Bufo, nervosa, fechando a porta do banheiro na cara dele. O que foi isto, Patrícia? O que foi essa ceninha barata de novela mexicana? Será que apenas alguns orgasmos foram capazes de me tornar tão vulnerável? Meleca! Mil vezes meleca! Eu sabia que isso não daria certo. Mas, convenhamos, foi de muito mau gosto ele falar de outras mulheres, para uma que acabou de foder, não é? Como será que ele iria sentir-se se eu dissesse que eu estou sempre pronta para ser satisfeita por um belo boy magia? Está certo que o fato de termos transado não me concede nenhum direito de exclusividade, entretanto, ele foi extremamente grosseiro, ah, isto foi!

Bem, independentemente de qualquer coisa, isto não justifica o fato de que fui ridícula. Acho que ele assustou-se com a minha ceninha medíocre ou está dando um tempo para eu perceber a besteira que fiz, porque ele demora uns bons minutos para vir atrás de mim.

Ele abre a porta do banheiro e eu nem posso xingar-me, mentalmente, por não a ter trancado, porque a velha porta nem trinquinho tem. 

− A água está quente, morna ou fria? − pergunta-me, com um sorriso cínico.

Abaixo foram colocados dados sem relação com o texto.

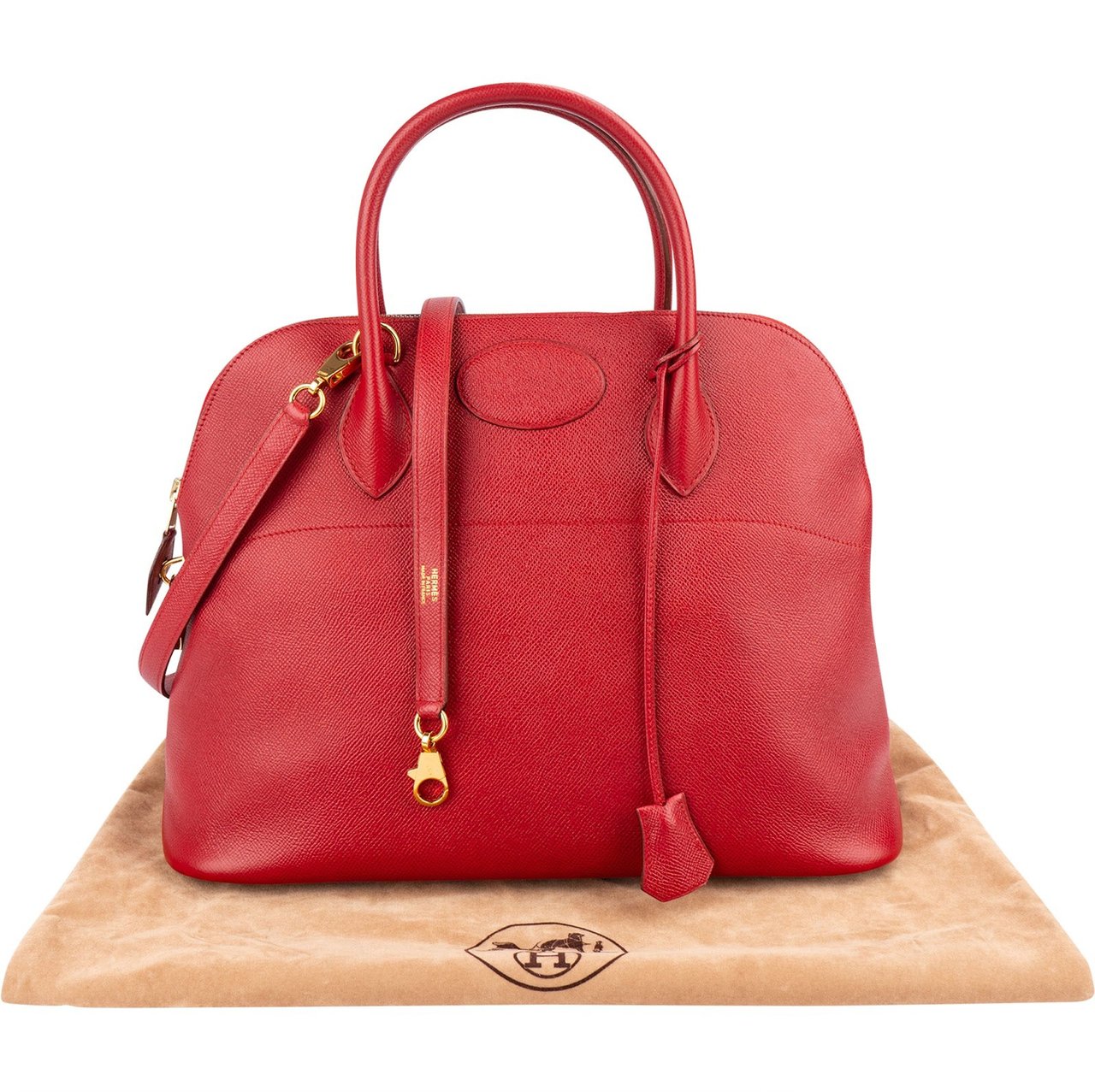 Hermès Hermès Rouge Courchevel Leather Bolide 35 Handbag Rood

− Normal – faço-me de indiferente, para disfarçar meu constrangimento.

− Que bom! Adoro quando a água está normal... é minha temperatura preferida, porque a aquecer é mais rápido e requer menos tempo – ele ri, malicioso, entrando no chuveiro comigo, imponente, com seus gominhos do abdômen à mostra, pressionando-me contra a parede fria. Desafiante e provocador, ele abaixa, estendendo o braço cheio de veias saltadas, pega a bucha que está no chão e derrama um pouco de sabonete líquido – Só a água não limpa o corpo, pequena. 

Se ele encostar essa bucha em mim, acho que sou capaz de não aguentar mais segurar meu corpo, pois as minhas pernas já estão com os músculos em frangalhos só de sentir o calor do seu corpo.

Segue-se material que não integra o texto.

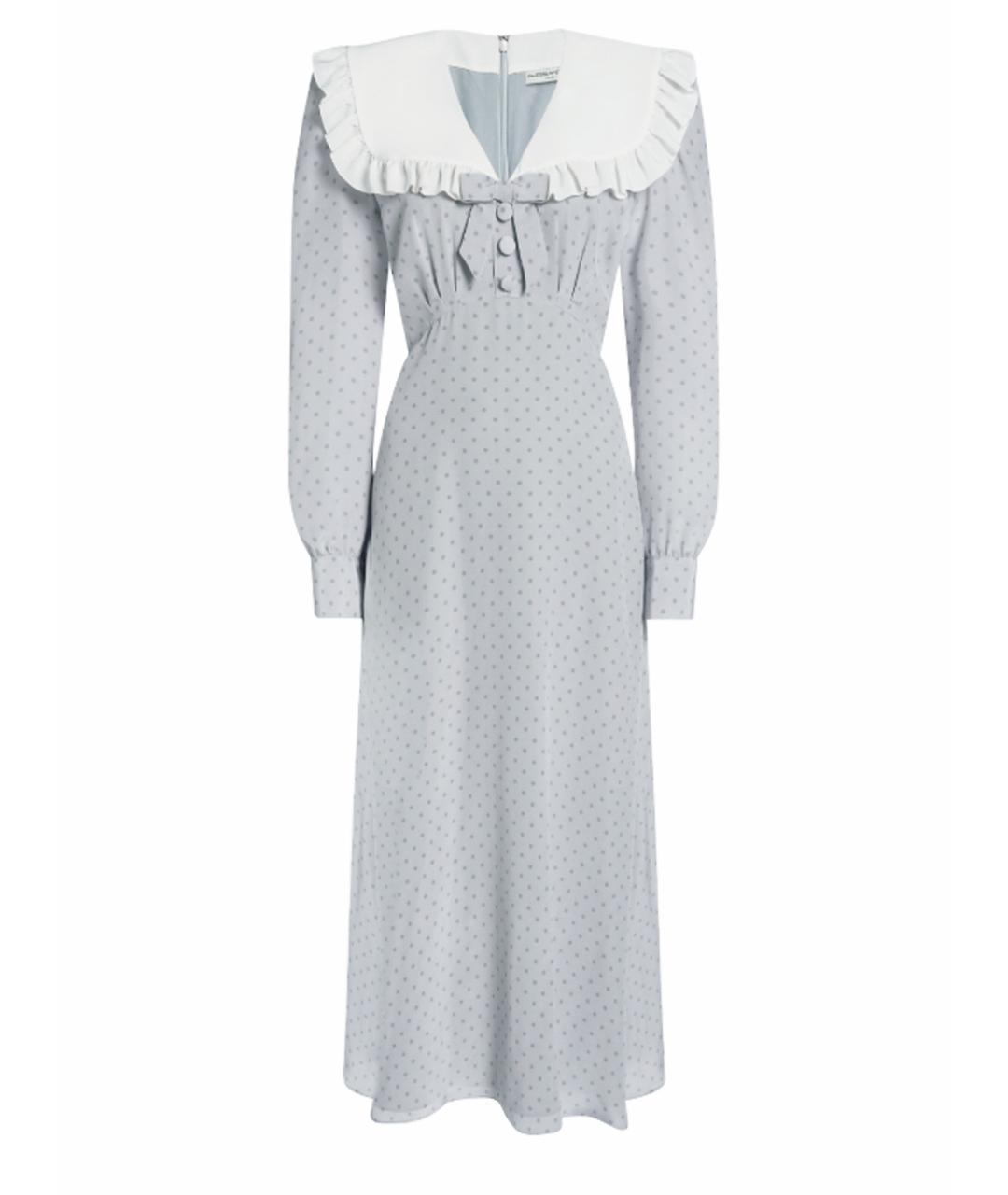 ALESSANDRA RICH Серое шелковое коктейльное платье, фото 1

− Se for ensaboar-se, você pode sair um pouco da água enquanto isso, para eu enxaguar-me? − ele finge que não me ouve. 

− Deveria ser proibido ter pintas espalhadas tão sensualmente assim pelo corpo. Olha esta aqui, na sua coxa, perto da virilha! Parece que foi esculpida para indicar o caminho da felicidade – Senhor das Buchas Sensuais, socorro! Ele está passando a bucha sobre ela! – Pequena, quando me disse que seu corpo tinha outras pintas foda-me, não imaginei serem tantas assim! Esta aqui, próxima do seu umbigo, é de tirar o fôlego – ele continua subindo a bucha, como se minha tentativa frustrada de indiferença não o afetasse. 

Antes que ele fale das minhas pintas perdidas pelo meu busto e eu desmanche em suas mãos, viro para parede para reunir coragem suficiente para enfrentá-lo.

− Não adianta passar a bucha sobre elas querido, não são sujeiras. Como você mesmo disse, elas foram esculpidas em meu corpo.

− O que é isto? Uma tela pintada, com a mais bela bunda empinada que já vi! Não existe nada mais sensual... – filho de uma mãe! Ao falar isso, ele puxa meus quadris para junto do seu corpo. Prendo a respiração.

− Não preciso do seu escovão nas minhas nádegas, porque estou acostumada com buchas macias. Então, será que pode desencostar este escovão de mim? – eita, não para neste ponto, não, motorista! Apertei o botão de parada no ponto errado! Segue viagem, pelo amor de Deus, penso comigo.

− Se não está acostumada, posso garantir-lhe que, se experimentar meu escovão duro neste seu lindo buraquinho traseiro, pode passar a se acostumar tanto com seu tamanho e dureza, que nunca mais vai querer nada macio nele – este homem é pós-graduado em sedução!

− Você tem resposta sexual para tudo?

− Como disse antes, menina das pintas foda-me, são desejos lascivos por você – ele passa a mão pelo meu corpo e, com o braço, alcança meus seios e esfrega a bucha, enquanto sussurra, no meu ouvido – Já teve um amo, na sua vida, banhando o seu corpo?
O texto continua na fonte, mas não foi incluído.